I ended up being one of those self-focused leechers for a bit, getting some hits in on a mob and then booking it to another. That’s just how the system is set up, right? It doesn’t actually matter if the bosses die or not, you still get the body parts. I don’t -want- the greater nightmare key reward, it gives glove boxes, which I don’t need right now. I just want -more- body part bags to open so that I might actually get a damned spleen or the second half of a bladder.

So one stops playing the Silverwastes properly, instead taxi’ing like mercenaries for hire into the next Silverwastes instance above 50% completion. One taps the events, does the bare minimum of defence, and runs around looking for lost bandit chests instead.
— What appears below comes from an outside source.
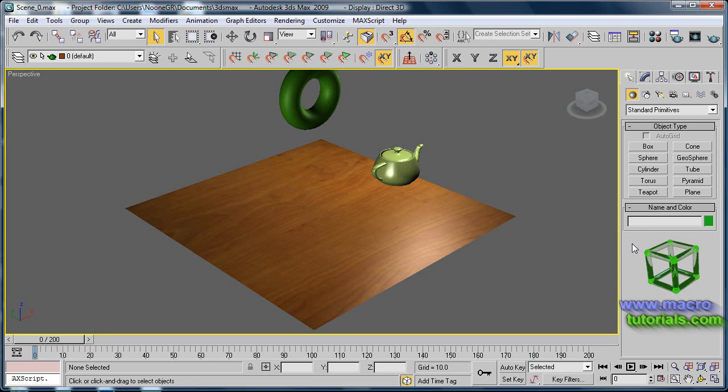Hello, in this tutorial I will show you how to save a render image and how to create a video from an animation, means render an animation in 3D Studio Max.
(Look, RNG and me don’t get along, all right? I’ve opened about 300 of them so far – 159 of them on a dedicated chest farm run – and only got one boots box out of it. On the 300th or so box.

The only good thing I can say is that I’m making quite a decent killing on materials that come out of the champion bags.)

Once the breach happens, hop into the first most-likely-to-die boss that you need (that’s usually Troll or Thrasher), tap it, bail when it feels like you’ve got enough damage in, and run, do-not-pass-Go, to the next boss you need (Husk or Terragriffs) and stay around to kill that (readying up an extractor to click the moment the first one dies.)

That’s at least two parts, and maybe even three, if you get the timings just right.

They might fix it eventually, but hey, not for 5 weeks, apparently. *coughs*

The good news is, I don’t need to do that anymore. I can now stay around like a good person and focus on killing one mob, so that other people who still need the parts can run from place to place.

The bad news is, I’m probably still going to pick an easy mob to kill first and go to the harder ones later.

That, and the fact I’ll beeline for any chest first over actually doing a Silverwastes event now.